Furthermore, an important consideration in adopting ensemble methods is the trade-off between predictive accuracy and computational efficiency. To evaluate this trade-off, we compared the model training times for various parameter regionalization methods, with the results summarized in Table 4. The analysis shows that our proposed GBM-KNN-ERT ensemble, while providing the highest predictive accuracy, required a total training time of 102.8 s. This is moderately higher than the best-performing single model, GBM (57.6 s), and other simpler ensemble methods like GBM4-KNN3 (36.1 s). The increased computational time for the GBM-KNN-ERT method is primarily attributed to the inclusion of the ERT method for estimating the Sfmax, which is inherently more computationally intensive than GBM or KNN.

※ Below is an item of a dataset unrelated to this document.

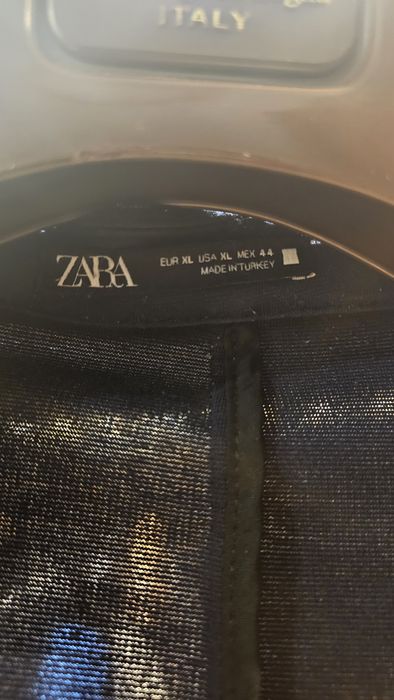 Мъжки костюм Зара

However, it is crucial to contextualize this computational cost for operational use. The process of training a regionalization method is an offline task, performed once to establish the stable relationships between catchment descriptors and model parameters. This one-time investment is not a constraint on real-time flood forecasting, as once the method is trained, parameter estimation for a new ungauged catchment is nearly instantaneous. To provide context for the reported computational times, all model training and simulations were performed on a workstation equipped with an Intel(R) Core (TM) i9-10900 K CPU @ 3.70 GHz, 32.0 GB of RAM, and an NVIDIA Quadro P1000 (4 GB) GPU, running on a 64 bit Windows operating system with Python 3.9. Given this context, the modest increase in one-time training cost is a justifiable investment for the significant improvements achieved in flood prediction accuracy, model robustness, and stability. Therefore, for applications in water resource management and flood risk assessment where high accuracy is paramount, the GBM-KNN-ERT method strikes an optimal and practical balance between computational efficiency and predictive performance.
Figure 10Assessment of combined machine learning methods for improved parameter regionalization in ungauged mountainous catchments. Performance is evaluated against the GBM method, showing (a) NSE, (b) Qp, (c) Tp, (d) Number of catchments with NSE > 0, and (e) the difference in R2.
5.3 The influence of donor catchment quantity on machine-learning parameter regionalization
The number of donor catchments used in machine learning-based parameter regionalization methods is a critical factor influencing the accuracy and robustness of hydrological predictions in ungauged catchments (Gauch et al., 2021; Song et al., 2022; Zhang et al., 2022). In this study, we investigated the influence of donor catchment quantity (ranging from 20 to 80) on the flood prediction performance of the two best-performing parameter regionalization methods (GBM4-KNN3 and GBM-KNN-ERT) across the 80 mountainous catchments (Fig. 11). It is important to clarify that the following analysis is not a method for selecting donor catchments based on physical similarity – a task handled by the machine learning methods itself when it learns the relationships between catchment descriptors and model parameters. Instead, this experiment serves as a sensitivity analysis to understand how the regionalization performance is affected by the overall quantity and quality of the available training data.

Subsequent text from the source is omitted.